### [BRIEF]
Your output must consist of the records printed verbatim, with the pictures excluded.

Web page caption snippets
• • •

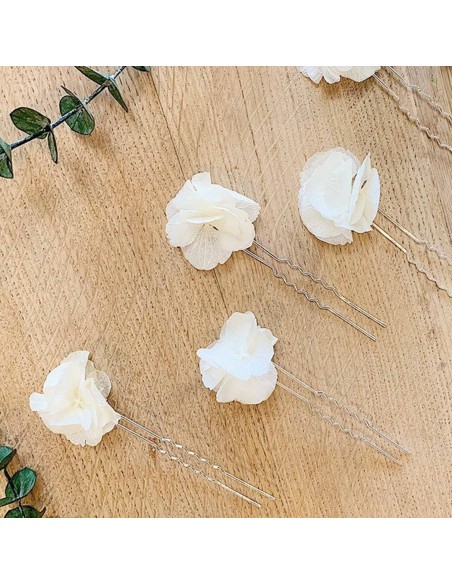 Epingles à cheveux mariée Hortensia - BFlower - Comptoir Doré
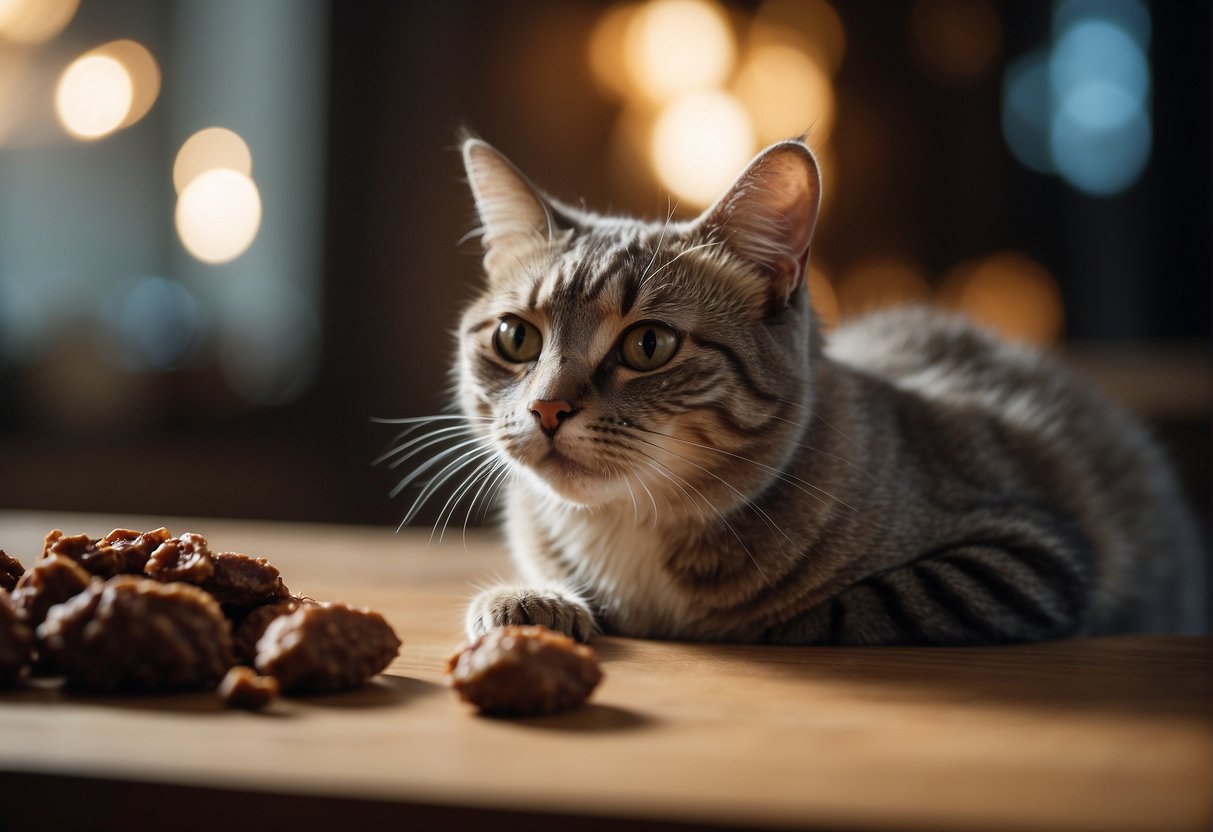 A cat eagerly eats freeze-dried beef liver. Its tail sways as it savors the tasty treat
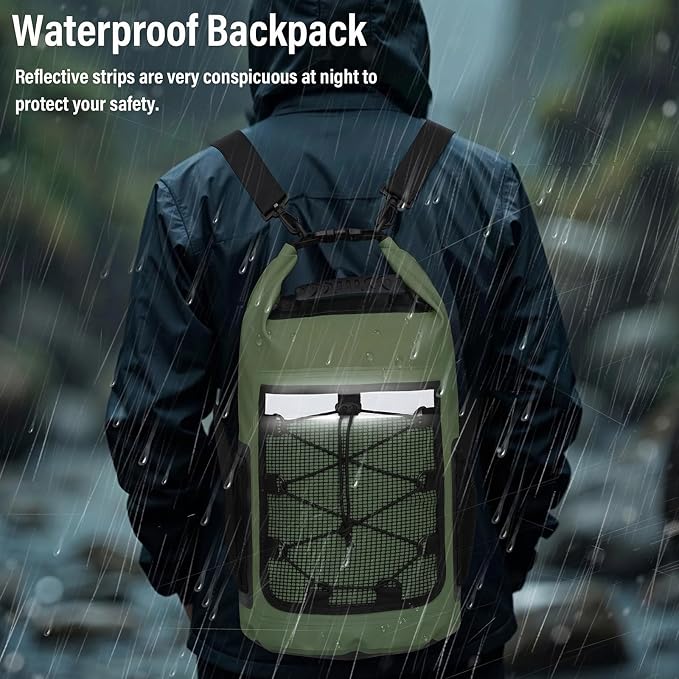 Pimoys Dry Bag, 25L Waterproof Backpack, Roll-Top Dry Bags Kayak, Outdoor - Image 6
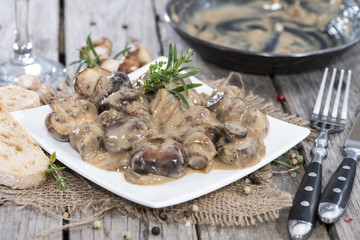 Portion of Cream Mushrooms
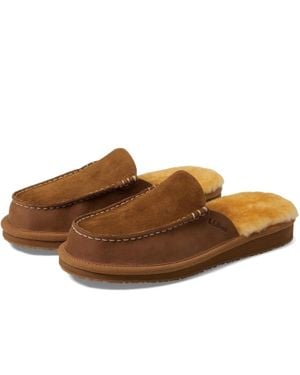 L.L. Bean L. L.Bean Wicked Good Slipper Leather Moc Toe Slip-On Hawk1578 - Brown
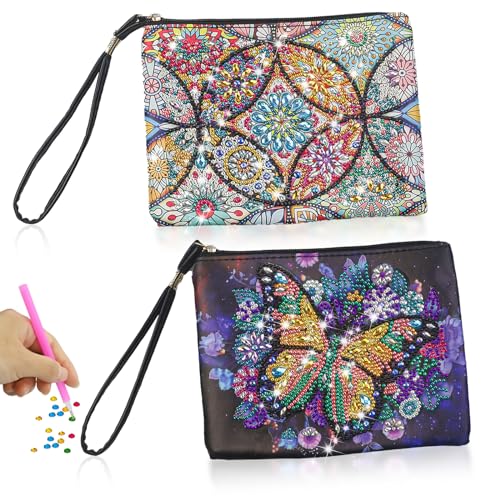 AIVORO Diamond Painting Kinder, 2 Stück Bastelset Mädchen 6 7 8 9 10 Jahre, Diamant Malerei Kosmetiktasche mit Reißverschluss, Kleine Kosmetiktasche für Frauen Mädchen Makeup Geschenk von AIVORO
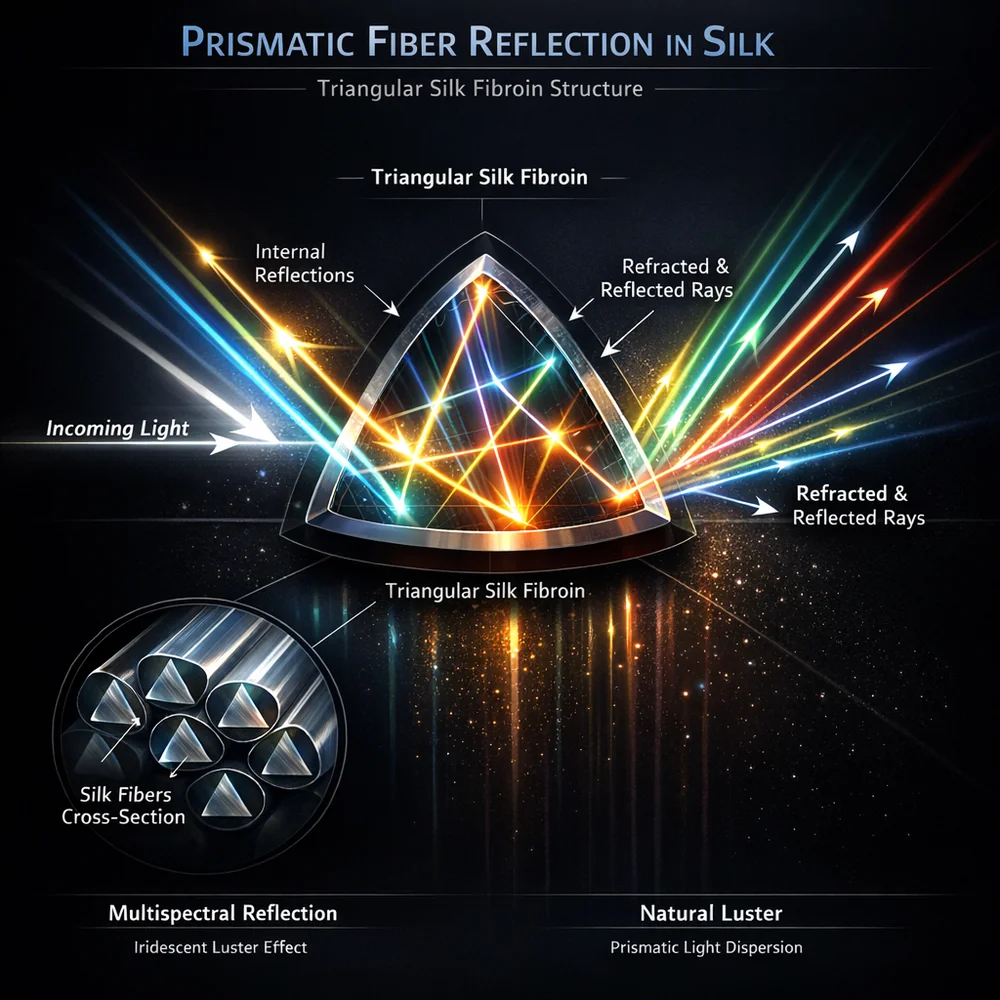 Technical diagram of 'Prismatic Fiber Reflection' in silk. Shows how the triangular cross-section of silk fibroin reflects light at multiple angles to create a natural luster. technical optics visualization, glowing light rays, sleek dark interface style, 8k.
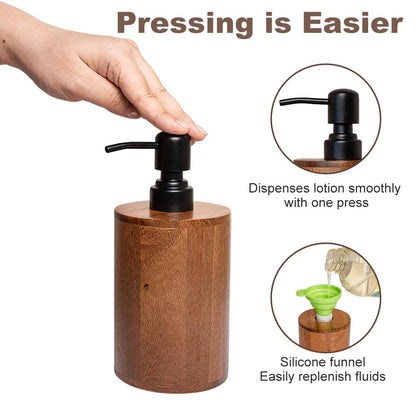 MIGAKU HOME Walnut Wood Soap Dispenser with Pump, Funnel & Label, Refillable Hand Soap Dispenser for Bathroom & Kitchen, Cylinder Design, Rustic Countertop Decor(7oz/200ml)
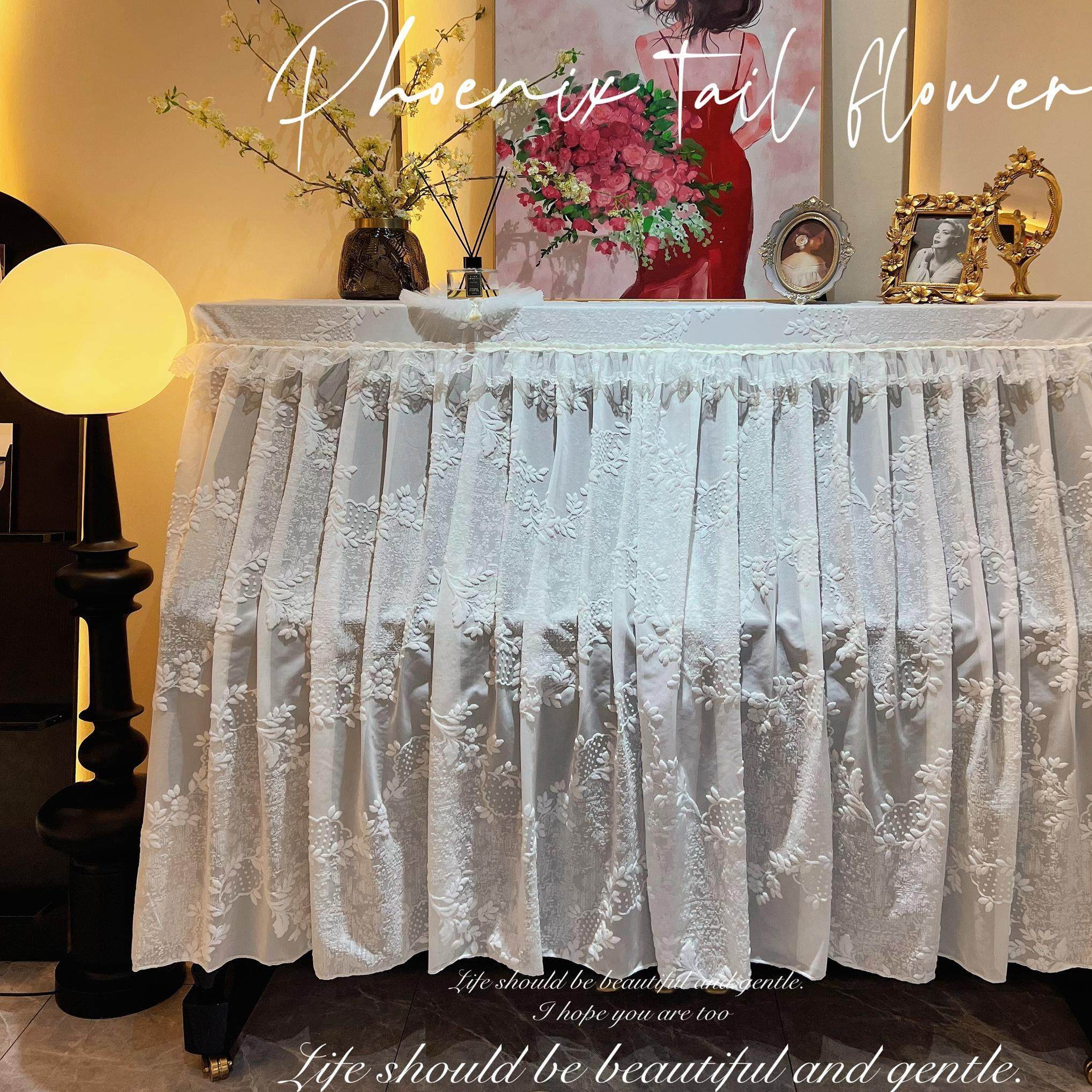 法式轻奢高端透光半透奶酪浮雕毛巾绣钢琴全罩钢琴防尘盖布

• • •

### [ANSWER FOR THE TASK]
 Epingles à cheveux mariée Hortensia - BFlower - Comptoir Doré
 A cat eagerly eats freeze-dried beef liver. Its tail sways as it savors the tasty treat
 Pimoys Dry Bag, 25L Waterproof Backpack, Roll-Top Dry Bags Kayak, Outdoor - Image 6
 Portion of Cream Mushrooms
 L.L. Bean L. L.Bean Wicked Good Slipper Leather Moc Toe Slip-On Hawk1578 - Brown
 AIVORO Diamond Painting Kinder, 2 Stück Bastelset Mädchen 6 7 8 9 10 Jahre, Diamant Malerei Kosmetiktasche mit Reißverschluss, Kleine Kosmetiktasche für Frauen Mädchen Makeup Geschenk von AIVORO
 Technical diagram of 'Prismatic Fiber Reflection' in silk. Shows how the triangular cross-section of silk fibroin reflects light at multiple angles to create a natural luster. technical optics visualization, glowing light rays, sleek dark interface style, 8k.
 MIGAKU HOME Walnut Wood Soap Dispenser with Pump, Funnel & Label, Refillable Hand Soap Dispenser for Bathroom & Kitchen, Cylinder Design, Rustic Countertop Decor(7oz/200ml)
 法式轻奢高端透光半透奶酪浮雕毛巾绣钢琴全罩钢琴防尘盖布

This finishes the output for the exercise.